The run has ended then. Last night's 2-1 defeat at Stamford Bridge put an end to the impressive unbeaten start City have made to the 2011/12 season (just four points dropped from 14 games prior to yesterday), but rather than recrimination the defeat should serve as something to reflect on just what a start City have made. It is only the very high standards that have been set this season that ultimately leads to such a reaction when they take even a slight dip.
With 15 games gone in the season City see themselves two points clear at the top of the Premier League table, having dropped only seven points to date - and importantly, with visits to Tottenham, United, Liverpool and Chelsea out of the way. After 15 games of a Premier League season no side has achieved the same points total City have reached and the lead is only the size it is due to the form of other sides, with United and Tottenham possessing points totals that would have seen them in top spot themselves over the majority of seasons.

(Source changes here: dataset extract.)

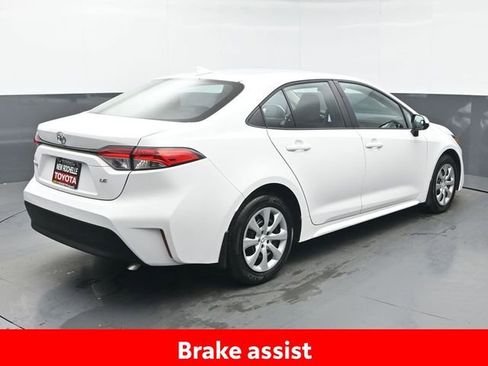 Certified 2025 Toyota Corolla LE FWD image 7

City started the brighter side, the early goal from Mario Balotelli providing the platform their impressive start. The front players in particular troubled their opponents, pressing and pressuring Chelsea's defence. Before Chelsea had mustered a chance themselves City could have added to their lead but after the opening 25-30 minutes (and where they could have been awarded a penalty) the spark from their play diminished with Chelsea's midfield taking a greater hold of the game, with Romeu neat and compact in possession and Ramires a driving and thrusting force (out ‘Yaya-ing' Yaya?) and some poor defensive play from City (firstly allowing Sturridge to cross and then leaving Meireles unmarked) saw Chelsea level. With Clichy getting a second yellow on the hour there was an inevitability about how the game would play out: David Silva unable to command the game and the front pairing of Mario Balotelli and Sergio Aguero no longer the harrying and lively presence they had been early, and Chelsea got their winner from the spot after Joleon Lescott handled.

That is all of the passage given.